#### Task prompt
Beginning with the line that holds "Gotstyle Fashion - Oscar" in the data below, give again every line through the one that holds "超薄金属中的Tamm等离极化激...", exactly as written.

Scraped caption text data
----------------------------------------

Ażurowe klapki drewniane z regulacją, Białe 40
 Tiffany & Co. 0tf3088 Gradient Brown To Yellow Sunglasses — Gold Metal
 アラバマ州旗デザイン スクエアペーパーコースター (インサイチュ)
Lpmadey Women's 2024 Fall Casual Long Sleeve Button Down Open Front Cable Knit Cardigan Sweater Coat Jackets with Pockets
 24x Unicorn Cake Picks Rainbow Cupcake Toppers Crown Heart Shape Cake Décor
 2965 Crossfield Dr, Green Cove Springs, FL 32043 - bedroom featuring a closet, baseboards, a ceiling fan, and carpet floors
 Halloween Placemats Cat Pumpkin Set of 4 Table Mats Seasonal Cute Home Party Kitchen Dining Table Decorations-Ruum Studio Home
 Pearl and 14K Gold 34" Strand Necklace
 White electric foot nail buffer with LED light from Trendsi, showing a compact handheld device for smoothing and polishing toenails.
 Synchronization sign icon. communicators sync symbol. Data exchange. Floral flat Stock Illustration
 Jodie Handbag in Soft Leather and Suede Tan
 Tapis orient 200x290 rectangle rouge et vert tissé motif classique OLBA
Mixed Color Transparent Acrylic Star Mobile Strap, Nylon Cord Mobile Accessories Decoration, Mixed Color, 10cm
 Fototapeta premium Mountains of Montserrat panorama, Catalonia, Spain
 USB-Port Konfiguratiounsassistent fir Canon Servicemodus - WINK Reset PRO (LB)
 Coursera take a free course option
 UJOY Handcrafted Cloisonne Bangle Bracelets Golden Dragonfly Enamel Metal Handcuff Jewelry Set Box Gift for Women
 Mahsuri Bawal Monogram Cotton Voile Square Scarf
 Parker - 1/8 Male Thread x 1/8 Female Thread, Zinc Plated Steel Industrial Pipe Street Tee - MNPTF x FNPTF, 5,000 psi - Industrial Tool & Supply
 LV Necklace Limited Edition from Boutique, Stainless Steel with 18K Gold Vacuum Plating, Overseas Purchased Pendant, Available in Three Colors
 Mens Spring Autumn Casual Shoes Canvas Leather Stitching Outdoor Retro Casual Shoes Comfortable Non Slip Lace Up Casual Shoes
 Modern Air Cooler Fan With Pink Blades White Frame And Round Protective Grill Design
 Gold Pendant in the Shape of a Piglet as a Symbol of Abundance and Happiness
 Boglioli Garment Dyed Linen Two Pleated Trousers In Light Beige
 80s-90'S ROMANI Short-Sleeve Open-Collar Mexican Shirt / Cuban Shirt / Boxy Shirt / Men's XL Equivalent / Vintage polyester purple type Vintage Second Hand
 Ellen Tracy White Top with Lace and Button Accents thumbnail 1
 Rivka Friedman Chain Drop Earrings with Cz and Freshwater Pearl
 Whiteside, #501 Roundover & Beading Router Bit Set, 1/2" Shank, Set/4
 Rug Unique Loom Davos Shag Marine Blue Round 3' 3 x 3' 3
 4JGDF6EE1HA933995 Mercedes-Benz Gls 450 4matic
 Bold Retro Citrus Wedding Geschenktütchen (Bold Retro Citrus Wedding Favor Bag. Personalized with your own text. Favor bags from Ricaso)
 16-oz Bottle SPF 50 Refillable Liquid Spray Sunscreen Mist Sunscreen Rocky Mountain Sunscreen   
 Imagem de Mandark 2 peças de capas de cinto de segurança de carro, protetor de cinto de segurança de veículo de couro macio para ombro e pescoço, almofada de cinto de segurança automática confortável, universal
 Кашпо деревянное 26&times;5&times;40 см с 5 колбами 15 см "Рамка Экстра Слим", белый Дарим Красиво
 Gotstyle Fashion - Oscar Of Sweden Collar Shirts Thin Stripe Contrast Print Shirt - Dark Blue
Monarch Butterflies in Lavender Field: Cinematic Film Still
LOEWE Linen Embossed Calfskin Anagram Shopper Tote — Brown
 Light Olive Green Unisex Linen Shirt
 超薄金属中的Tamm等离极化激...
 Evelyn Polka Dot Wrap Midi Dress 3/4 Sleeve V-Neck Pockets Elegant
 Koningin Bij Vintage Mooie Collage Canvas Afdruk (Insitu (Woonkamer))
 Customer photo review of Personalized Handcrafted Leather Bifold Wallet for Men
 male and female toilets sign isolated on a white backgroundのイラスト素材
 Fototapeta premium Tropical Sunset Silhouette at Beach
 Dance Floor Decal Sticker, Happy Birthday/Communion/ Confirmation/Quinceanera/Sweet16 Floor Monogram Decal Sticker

----------------------------------------

#### Written answer
 Gotstyle Fashion - Oscar Of Sweden Collar Shirts Thin Stripe Contrast Print Shirt - Dark Blue
Monarch Butterflies in Lavender Field: Cinematic Film Still
LOEWE Linen Embossed Calfskin Anagram Shopper Tote — Brown
 Light Olive Green Unisex Linen Shirt
 超薄金属中的Tamm等离极化激...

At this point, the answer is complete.